For two buffers, it would be better to use Task.WhenAll(...):

public async Task TwoBuffers()
{
    await using var readStream = GetReadStreamFromS3();
    await using var writeStream = new FileStream("something.mp4", FileMode.Create, FileAccess.Write, FileShare.None, 0, FileOptions.Asynchronous);
    // TODO: use pooled/recyclable memory buffers.  Implementations exist.
    var readBuffer = new Memory<byte>(new byte[BufferSize]);
    var writeBuffer = new Memory<byte>(new byte[BufferSize]);
    var bytesRead = await readStream.ReadAsync(writeBuffer);
    // TODO: I feel like other improvements are possible here in some fashion...
    while (bytesRead > 0)
    {
        var writeTask = writeStream.WriteAsync(writeBuffer[..bytesRead]);
        var readTask = readStream.ReadAsync(readBuffer);
        await Task.WhenAll(writeTask, readTask);
        await writeTask;
        bytesRead = await readTask;
        (readBuffer, writeBuffer) = (writeBuffer, readBuffer);
    }
}

Here by utilizing two buffers, one for reading and one for writing, we manage to wait for the read task and the write task simultaneously, so we should expect the runtime to be equal to either reading from the source in isolation or writing to the target stream in isolation, depending on which one is slower, right?

Maybe, but this isn't actually guaranteed. async doesn't mean that methods are run concurrently, just that the executing thread doesn't block over suspension points. It often effectively happens with IO, but there's still overhead involved (which is why your smaller buffer sizes in the benchmarks take longer - there's more tasks happening).

7 replies

congthanhnguyenOL Aug 25, 2024
Author

Hey, thanks for the detailed answer.

Your answer makes me suspect that my disk I/O is serializing requests, so I spin up a local server to serve the file via network instead to remove the potential that the write to disk is blocked by the read from it. Surprisingly, the results are still the same for Traditional and TwoBuffers. They are as follows.

| Method      | UserBufferSize | WriteBufferSize | Mean     | Error     | StdDev    |
|------------ |--------------- |---------------- |---------:|----------:|----------:|
| Traditional | 65536          | 0               | 8.899 ms | 0.0618 ms | 0.0578 ms |
| TwoBuffers  | 65536          | 0               | 8.863 ms | 0.1561 ms | 0.1460 ms |

My code is as follows.

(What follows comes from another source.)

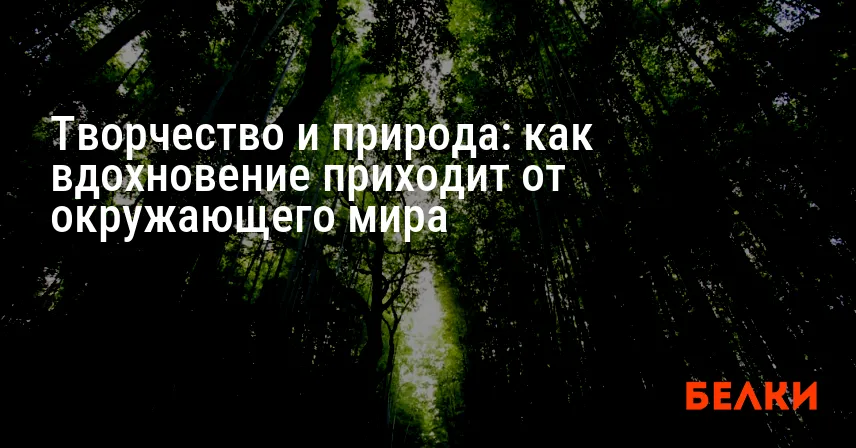 Творчество и природа: как вдохновение приходит от окружающего мира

Not much change instead of the use of network call in lieu of the read file stream.

using System.Buffers;
using BenchmarkDotNet.Attributes;

namespace ProfileCopyAsset;

public class AsyncFileStream
{
    private static readonly ArrayPool<byte> ArrayPool = ArrayPool<byte>.Create(1024 * 64, 2);
    
    [Params(1024 * 64)]
    public int UserBufferSize;

    [Params(0)]
    public int WriteBufferSize;
    
    [Benchmark]
    public async Task Traditional()
    {
        await using var readStream = await new HttpClient().GetStreamAsync("http://localhost:5099/file");
        await using var writeStream = new FileStream($"/Users/nguyencongthanh/something {Guid.NewGuid()}", FileMode.Create, FileAccess.Write, FileShare.None, WriteBufferSize, FileOptions.Asynchronous | FileOptions.DeleteOnClose);

        var buffer = ArrayPool.Rent(UserBufferSize);
        int bytesRead;
        while ((bytesRead = await readStream.ReadAsync(new Memory<byte>(buffer, 0, UserBufferSize))) > 0)
        {
            await writeStream.WriteAsync(new ReadOnlyMemory<byte>(buffer, 0, bytesRead));
        }
    }

    [Benchmark]
    public async Task TwoBuffers()
    {
        await using var readStream = await new HttpClient().GetStreamAsync("http://localhost:5099/file");
        await using var writeStream = new FileStream($"/Users/nguyencongthanh/something {Guid.NewGuid()}", FileMode.Create, FileAccess.Write, FileShare.None, WriteBufferSize, FileOptions.Asynchronous | FileOptions.DeleteOnClose);
        
        var readBuffer = ArrayPool.Rent(UserBufferSize);
        var writeBuffer = ArrayPool.Rent(UserBufferSize);
        var bytesRead = await readStream.ReadAsync(new Memory<byte>(writeBuffer, 0, UserBufferSize));
        while (bytesRead > 0)
        {
            var writeTask = writeStream.WriteAsync(new ReadOnlyMemory<byte>(writeBuffer, 0, bytesRead));
            bytesRead = await readStream.ReadAsync(new Memory<byte>(readBuffer, 0, UserBufferSize));
            await writeTask;
            (readBuffer, writeBuffer) = (writeBuffer, readBuffer);
        }
    }
}

The server is as follows.

var builder = WebApplication.CreateBuilder(args);

var app = builder.Build();

byte[] memory;
await using (var fileStream = new FileStream("/Users/nguyencongthanh/Downloads/IMG_3108.MOV", FileMode.Open, FileAccess.Read, FileShare.Read, 0, FileOptions.Asynchronous))
{
    await using var memoryStream = new MemoryStream();
    await fileStream.CopyToAsync(memoryStream);
    memory = memoryStream.ToArray();
}

app.MapGet("/file", () => Results.Stream(new MemoryStream(memory)));

app.Run();

I read the entire content into memory beforehand, so no read can be made during the process of writing the file stream.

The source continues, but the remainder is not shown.